The country’s first commercial nuclear reactor began operating in 1974. Currently, Belgium has seven nuclear reactors operating in the country with a net MWe of 5,761. Electricity consumption in Belgium has increased slowly since 1990 and nuclear power provides 54%, 45 billion kWh per year, of the country’s electricity.

Belgium decided to phase out nuclear power generation completely by 2025. All intermediate deadlines however have been missed or pushed back.

Belgium has a long industrial history in the nuclear sector. With Biraco in Olen, which regularly hosted Marie and Pierre Curie, it was at the start of the industrial production of radium in 1922.

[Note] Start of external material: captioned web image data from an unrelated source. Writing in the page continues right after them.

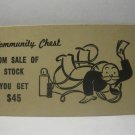 1952 Monopoly Popular Ed. Board Game Piece: Community Chest Card - Collect $45 Sale of Stock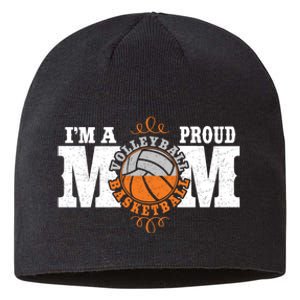 I'm a Proud Basketball Volleyball Mom - Combined Sports Sustainable Beanie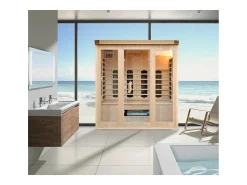 Sauna infravermelho de luxo para 4/5 pessoas com cromoterapia e rádio FM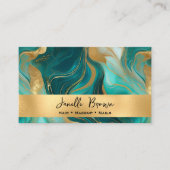 ラグジュアリーティール（緑がかった色）マーブルアンドゴールドフォイル 名刺 (正面)
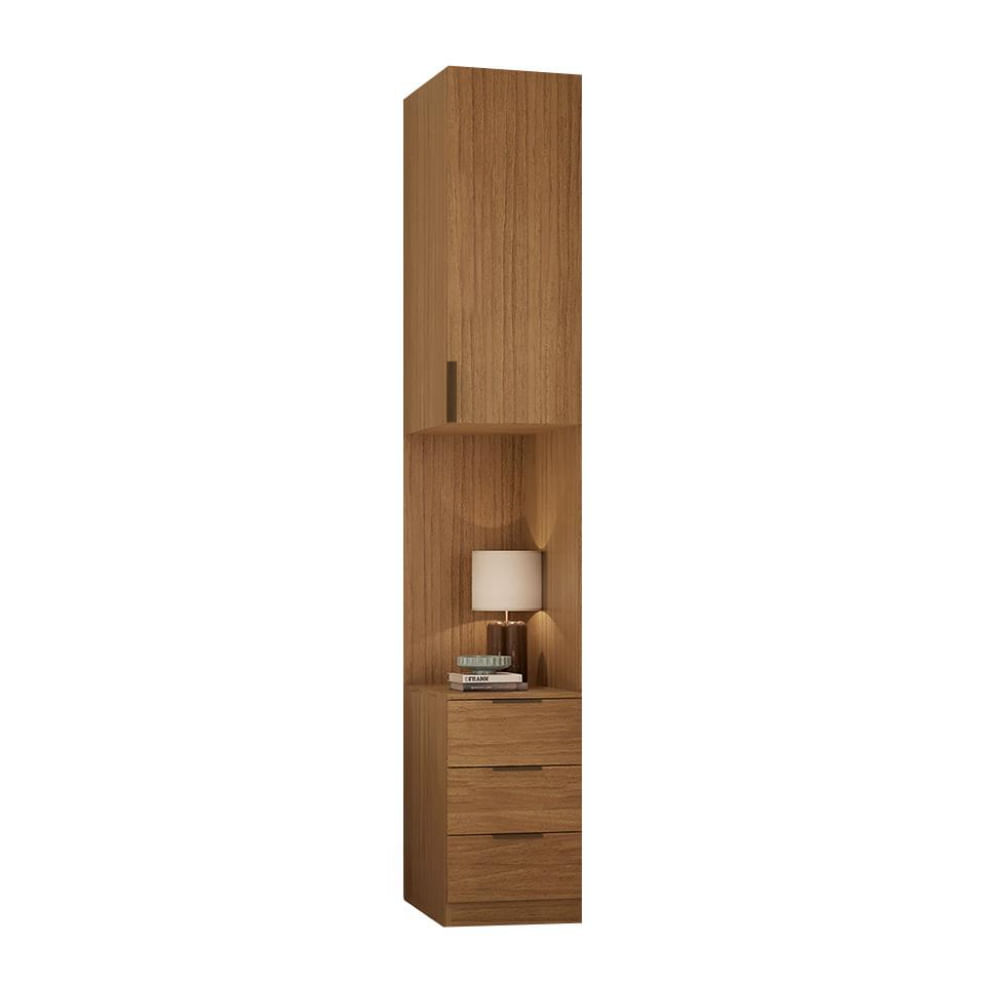 Guarda-Roupa Modulado Altezza Clean com Nicho 1 Porta 3 Gavetas Freijó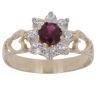9ct Yellow Gold Cubic Zirconia and Garnet Cluster Ring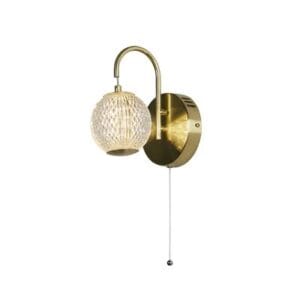 Wall Lighting - Searchlight Allure Wall Light Satin Brass Metal & Clear Acrylic (51481SB)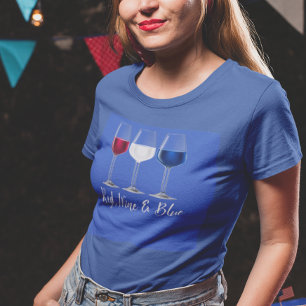 Camiseta Vinho Vermelho Azul Dia da Independência 4 de julh
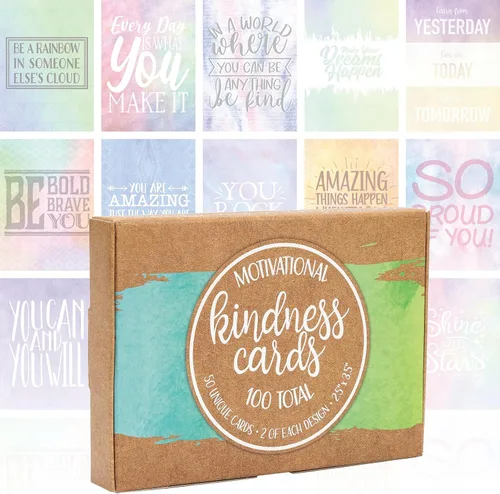 Miniatura 6 de Global Printed Products Tarjetas motivacionales: 100 tarjetas inspiradoras, bondades, motivacionales y con citas. Tamaño de la tarjeta de Pizarra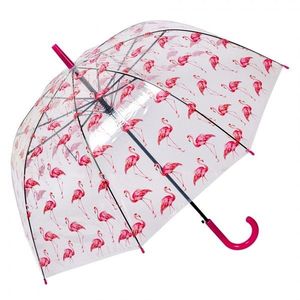 Průhledný deštník s plameňáky Flamingo - Ø 90*82 cm JZUM0092 obraz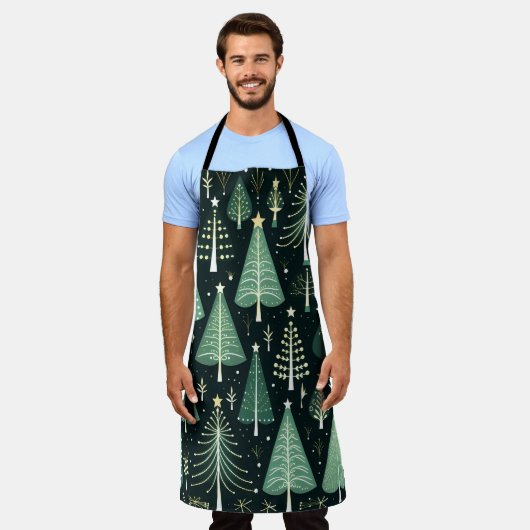Weihnachtsbaummuster Schürze (Getragen)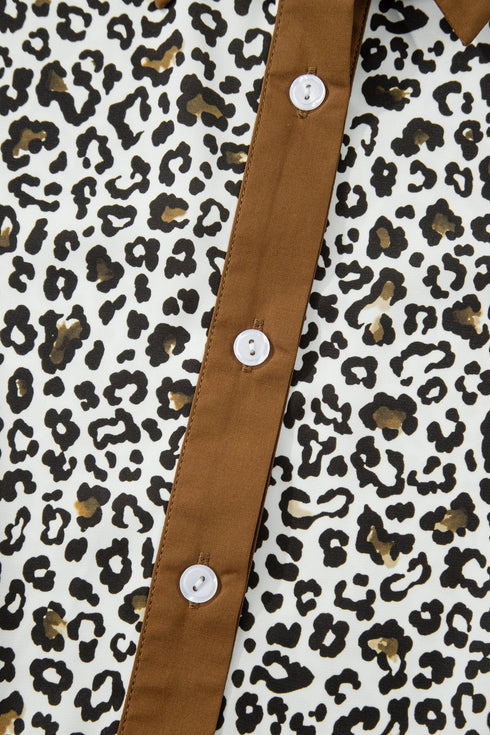 Western Leopard Print Puff Sleeve Buttoned Plus Size Blouse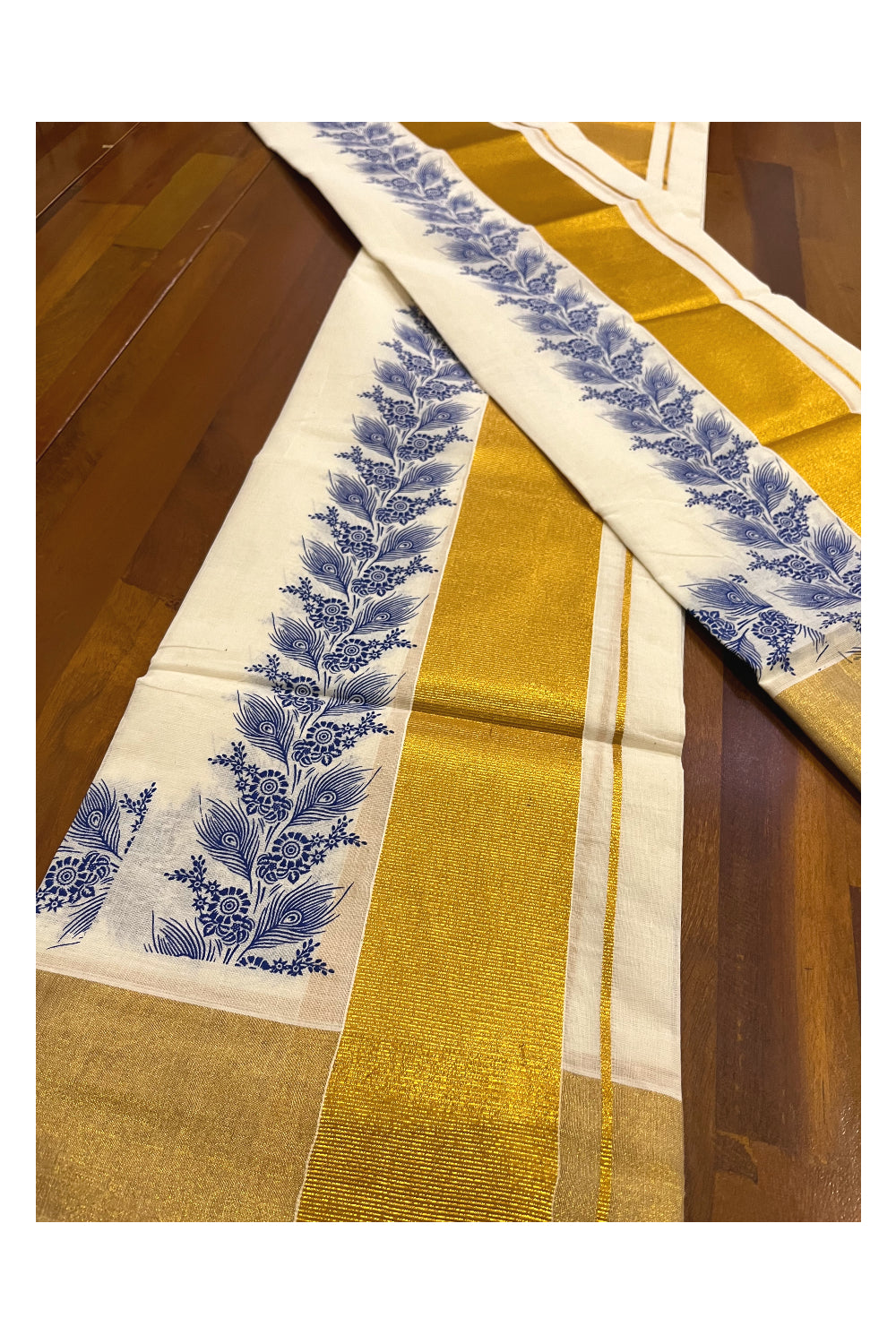 Pure Cotton Kerala Single Set Mundu (Mundum Neriyathum) with Blue Block Printed Kasavu Border (Onam 2023 Set Mundu)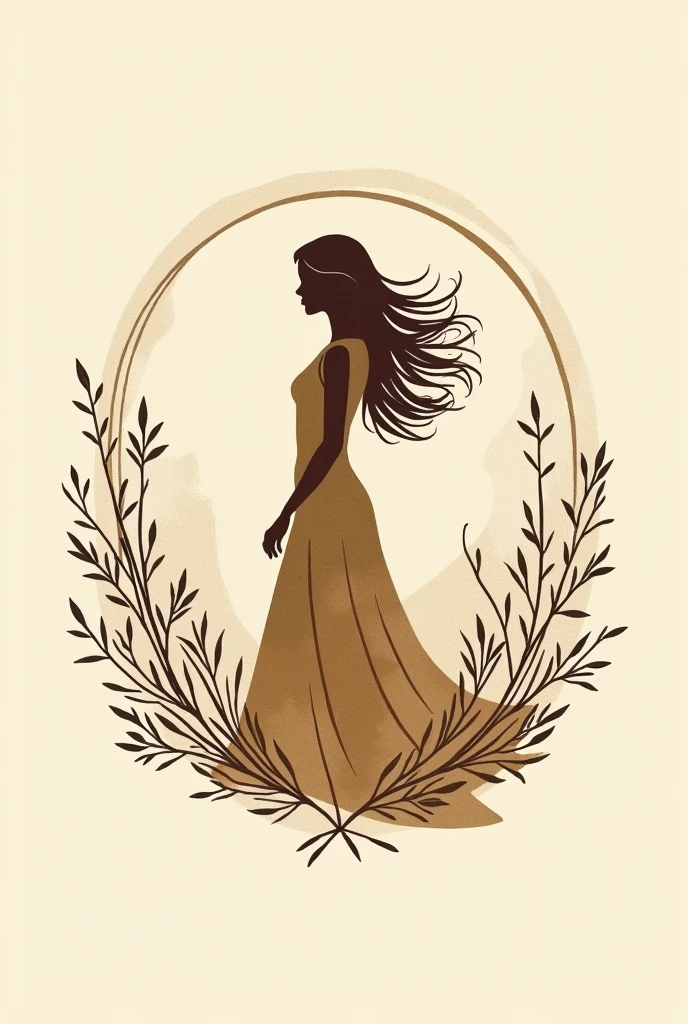Design a logo for a women's textile mill in a brown and gold tone.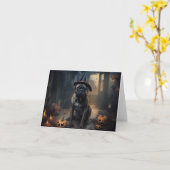 Carte Bullmastiff Citrouilles Halloween effrayant (Fleur jaune)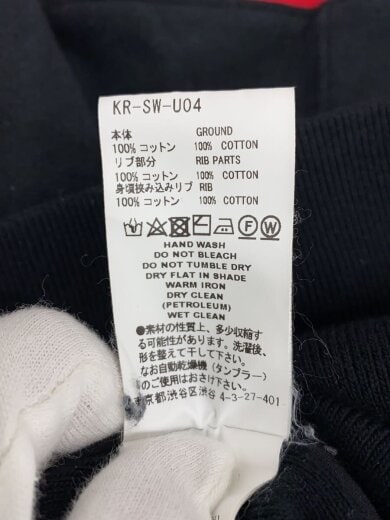 商品画像：ZIPPER RIB SWEAT/4/コットン/BLK/KR-SW-U04/使用感、汚れ有 4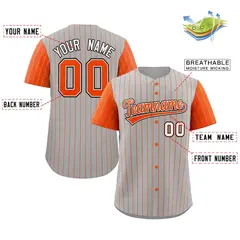Gray Orange-White Stripe Raglan Sleeves Baseball Jersey 2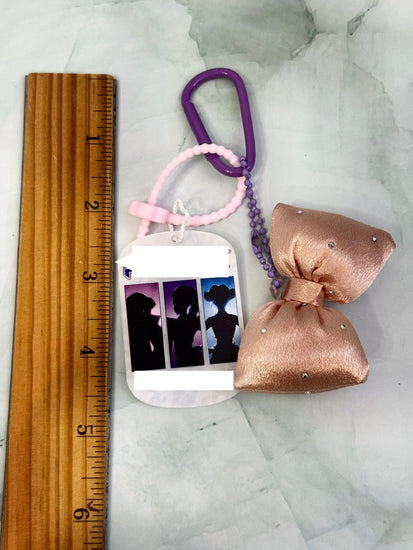Embossed Pop Girl Acrylic Keychain or Bag Charm with Fluffy Bow - Pip & Purlie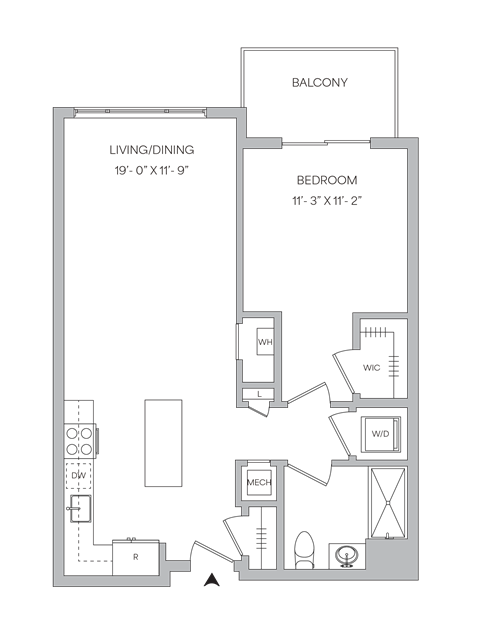 a floor plan of a small apartment with a bedroom and a living room
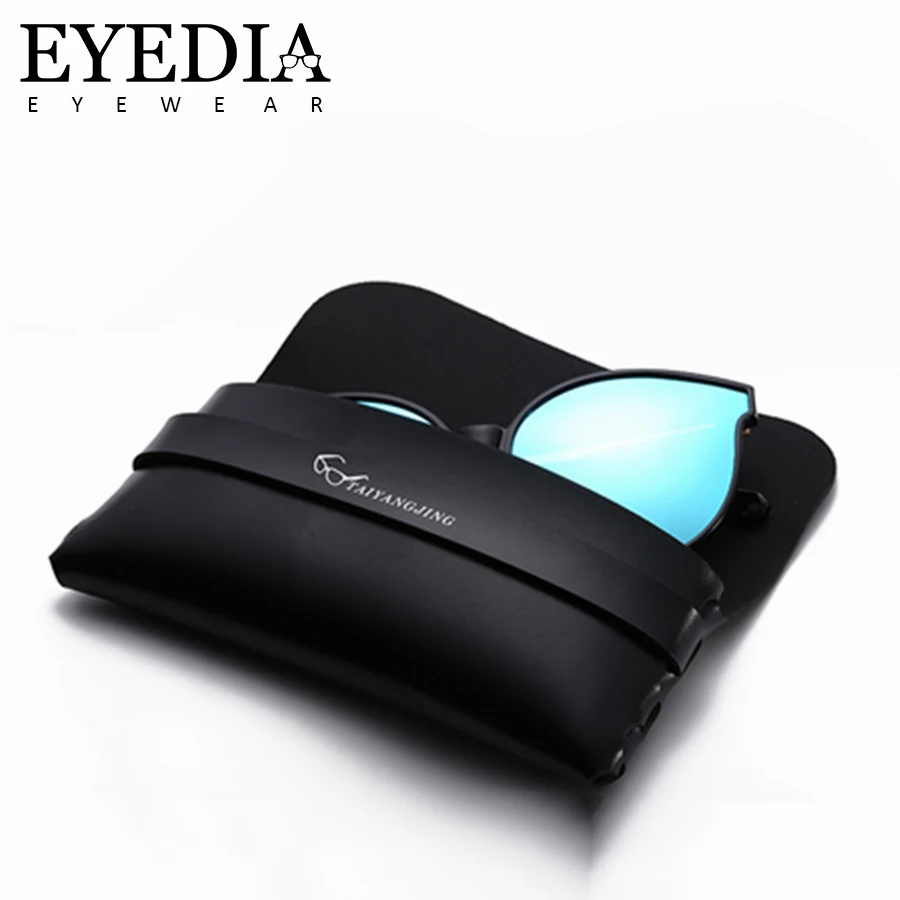 

Brand Unisex Soft Flannel Lining Woven Designed Side Black PU Leather Sunglasses Cases Box Pouch With Clearning Cloth ZXD2501CJ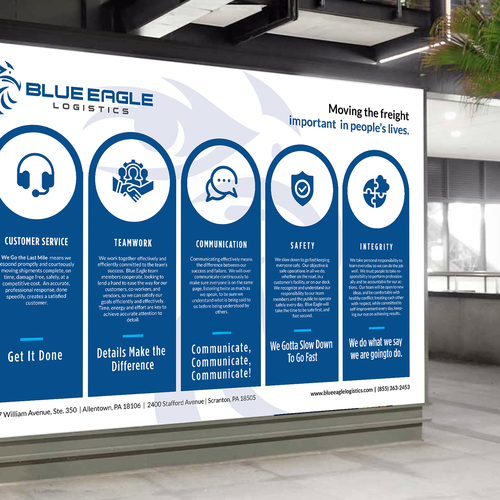 Program design with the title 'Poster for Blue Eagle Logistics Core Values Communication Program'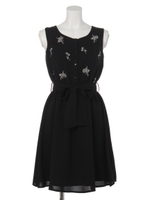 刺繍ノースリワンピース/グレー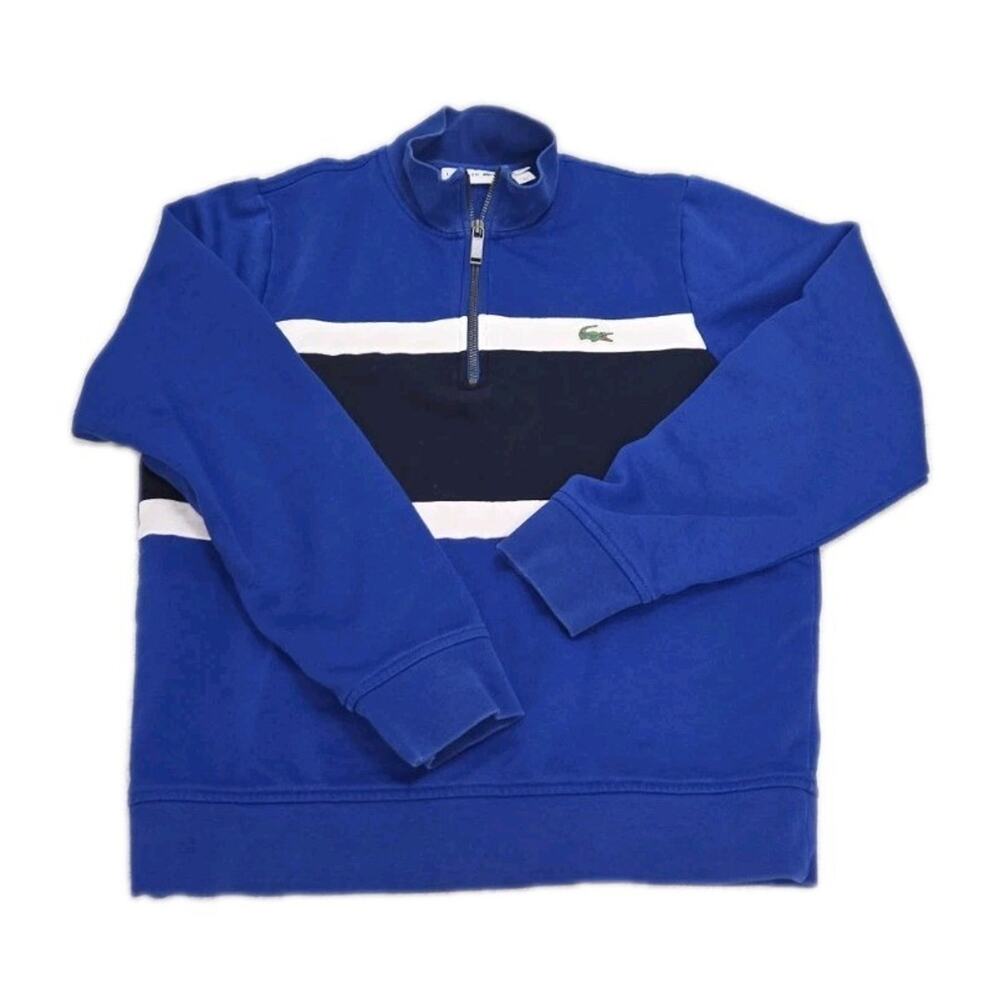 Lacoste 1/4 Quarter Zip Pullover Sweatshirt Classic Croc Logo Blue Men Size Sm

The Uranium ore used was discovered in 1913 in Katanga in then Belgian Congo by UMHK. The ore found in the Shinkolobwe mine was exceptionally rich. Even before the second world war the United States expressed an interest in it. However it wasn't until 1942 when the United States required uranium for the Manhattan Project, and Belgium was one of the few countries with an appreciable stock of uranium ore, that Edgar Sengier struck a deal. For the following decade Belgium through its colony was one of the main suppliers of uranium to the United States. This trade relationship resulted in Belgium being granted access to nuclear technology for civil purposes.

In 1952 this led to establishing SCK•CEN, a study center for nuclear research. The first reactor BR1 (Belgian Reactor 1) became critical in 1956. Construction of BR2 started the following year. The BR2 reactor is one of the five main reactors producing molybdenum-99 which decays into technetium-99m, the radioisotope used in more that 80% of diagnostic imaging procedures in nuclear medicine.